§ **What the task asks**
All lines from the one containing "Contemporary Giraffe Print" to the end of the entries below must be output exactly, and no other lines.

§ **Provided records**

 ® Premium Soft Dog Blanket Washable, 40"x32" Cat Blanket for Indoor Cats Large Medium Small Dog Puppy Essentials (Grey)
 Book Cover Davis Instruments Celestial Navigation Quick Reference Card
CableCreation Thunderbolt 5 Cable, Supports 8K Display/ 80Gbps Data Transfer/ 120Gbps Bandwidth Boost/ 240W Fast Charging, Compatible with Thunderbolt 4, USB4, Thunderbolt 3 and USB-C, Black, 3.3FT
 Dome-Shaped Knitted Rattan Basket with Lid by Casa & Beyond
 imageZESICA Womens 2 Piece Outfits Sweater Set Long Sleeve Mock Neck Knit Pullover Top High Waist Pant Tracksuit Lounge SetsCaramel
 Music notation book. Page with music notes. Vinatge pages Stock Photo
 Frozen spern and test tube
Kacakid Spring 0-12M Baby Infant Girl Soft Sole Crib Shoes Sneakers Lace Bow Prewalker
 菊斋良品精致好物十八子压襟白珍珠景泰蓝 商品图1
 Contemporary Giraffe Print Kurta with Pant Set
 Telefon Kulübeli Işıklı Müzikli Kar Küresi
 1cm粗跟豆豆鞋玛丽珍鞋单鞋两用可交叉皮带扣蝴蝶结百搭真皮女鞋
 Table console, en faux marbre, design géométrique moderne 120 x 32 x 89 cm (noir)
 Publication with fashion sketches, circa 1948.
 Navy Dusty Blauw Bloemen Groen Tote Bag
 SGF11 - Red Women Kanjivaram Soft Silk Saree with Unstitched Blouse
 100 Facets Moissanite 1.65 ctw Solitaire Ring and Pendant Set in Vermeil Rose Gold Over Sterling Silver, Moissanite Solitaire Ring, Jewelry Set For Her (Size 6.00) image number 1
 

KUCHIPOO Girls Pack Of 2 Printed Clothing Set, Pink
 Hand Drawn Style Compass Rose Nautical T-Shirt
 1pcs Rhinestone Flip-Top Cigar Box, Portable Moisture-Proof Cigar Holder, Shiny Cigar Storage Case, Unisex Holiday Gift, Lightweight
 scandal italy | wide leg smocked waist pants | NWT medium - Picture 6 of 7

§ **Task solution**
 Contemporary Giraffe Print Kurta with Pant Set
 Telefon Kulübeli Işıklı Müzikli Kar Küresi
 1cm粗跟豆豆鞋玛丽珍鞋单鞋两用可交叉皮带扣蝴蝶结百搭真皮女鞋
 Table console, en faux marbre, design géométrique moderne 120 x 32 x 89 cm (noir)
 Publication with fashion sketches, circa 1948.
 Navy Dusty Blauw Bloemen Groen Tote Bag
 SGF11 - Red Women Kanjivaram Soft Silk Saree with Unstitched Blouse
 100 Facets Moissanite 1.65 ctw Solitaire Ring and Pendant Set in Vermeil Rose Gold Over Sterling Silver, Moissanite Solitaire Ring, Jewelry Set For Her (Size 6.00) image number 1
 

KUCHIPOO Girls Pack Of 2 Printed Clothing Set, Pink
 Hand Drawn Style Compass Rose Nautical T-Shirt
 1pcs Rhinestone Flip-Top Cigar Box, Portable Moisture-Proof Cigar Holder, Shiny Cigar Storage Case, Unisex Holiday Gift, Lightweight
 scandal italy | wide leg smocked waist pants | NWT medium - Picture 6 of 7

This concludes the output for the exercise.